3メガ銀行労組のベア要求見送り方針を批判する連合の神津里季生会長=3月3日午後、東京都千代田区の連合会館(平尾孝撮影)【拡大】
平成28年春闘で、トヨタ自動車がベースアップ(ベア)に相当する賃金改善分について、月2千円以上の回答を行う見通しとなったことが3日、分かった。政府は好業績の企業に賃上げを呼びかけており、製造業を代表するトヨタとしても「経済の好循環」に貢献する。前年の4千円は下回るが、2千円以上のベアは3年連続。一部にベア要求を見送る動きがある中、相場のリード役のトヨタがベアに踏み切ることで、他の自動車、電機大手などの交渉にも影響を与えそうだ。

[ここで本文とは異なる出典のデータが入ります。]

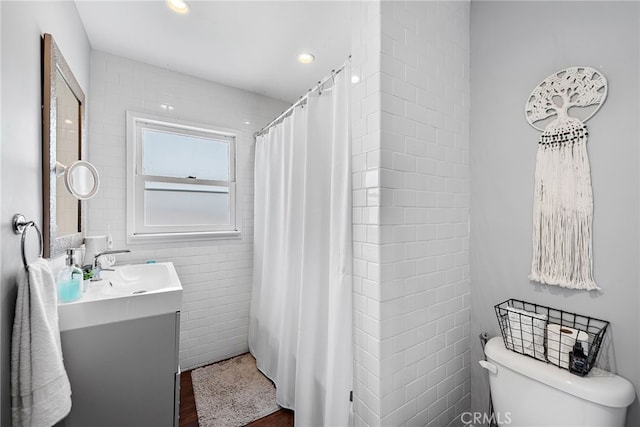 bathroom with vanity, hardwood / wood-style flooring, and toilet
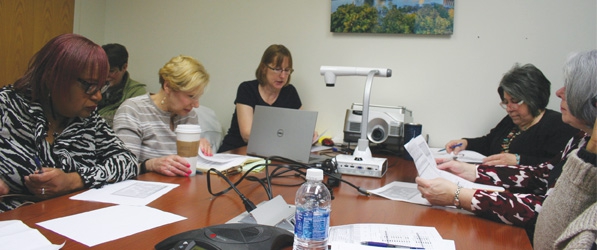 "Department staff sit around a table discussing papers"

労働組合側は月3千円を要求していた。経営側は満額回答を視野に入れるが、「高すぎる」(幹部)との意見も根強く、どこまで隔たりが埋まるかが焦点だ。
トヨタは28年3月期決算で営業利益が過去最高の2兆8千億円に達する見込み。米国の販売増や円安効果で好調が続いている。
一方で、ベアは固定費の増加につながり、コスト競争力を弱める。経営側には「トヨタの賃金は他社と比べて高い」との声もある。